A forest playground on Virginia Creek in the Yosemite country, California, in one of Uncle Sam's forest reserves.

We have lived in houses so long, where the air is often close and impure and where we have no need of sharp senses for protection, that we have lost some of the strength and sturdy self-reliance of our wild ancestors.

We have become partly dulled to the beauty out of doors, because we have been so constantly employed by the business of making a living. But the forest playgrounds are calling us to return for a little time each year to the wilds that were once our home, and to renew our acquaintance with the trees, the streams and the rocks, and with the wild creatures that live among them. To be able to make our beds on the leaves under the trees, and to build a fire of sticks and cook our own food, seems quite natural and like old and familiar times.

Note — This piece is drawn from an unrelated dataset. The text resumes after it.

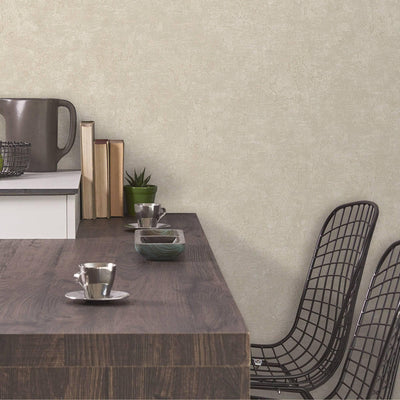 Deep Beige Embossed Wallpaper, Home Wall Decor, Aesthetic Wallpaper, Textured Wallcovering Non-Adhesive - 41.7”W X 393”H - Adawall -Houston Wallpaper Store - Walcoverings, Curtains & Wall Panels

The stories and legends that have come down to us about the forests and the imaginary people who lived in them were believed to be true by the people of long ago. The deep, dark woods once covered nearly all Europe where our ancestors lived. To be lost in the woods was to be in danger of meeting the strange and mysterious people who were thought to live in their depths. Among these beings, some of whom were good and others bad, were fairies, nymphs, gnomes, and ogres. When people ceased to believe so much in these stories, they began to lose their fear of the woods. Among some of these people there grew up a love and fascination for the trees which they believed were the dwelling places of spirits or divinities.

If in our great forest playgrounds we can lead this out-of-door life for a few weeks each year, it will make us healthier, stronger, and happier. We no longer fear any mysterious creatures in the woods or the forces of Nature as shown in the lightning, the winds, and the waterfalls; but year by year we are finding more to love and admire in the wild scenery of the woods and mountains and in their animal and plant inhabitants.

The wild woods call many of us on jaunts and picnics when, if it were not for them, we should stay at home shut up in stuffy rooms. In time may not the love of the forest wilds come back to us all? May not the time come when each one of us shall be able to look at a beautiful tree and not think only of how much lumber it would make? May not the time come when we may hear the grouse drumming its call and not feel the desire to kill and eat it?

If the time does come in which we think as much of our beautiful mountains as the people of Europe do of the Alps, we shall then guard them with far more jealous care than we do today. In spite of the fact that the Alps are wet and cold and that no one thinks of sleeping out of doors there, yet the people of Europe love their mountains almost passionately.

Our mountains are much more attractive summer playgrounds than the Alps. We can wander at will over a far greater number of untrodden ways than Europeans can in the Alps. We can make our beds under the trees with rarely a thought of the weather. The air is always balmy and the skies are almost always blue.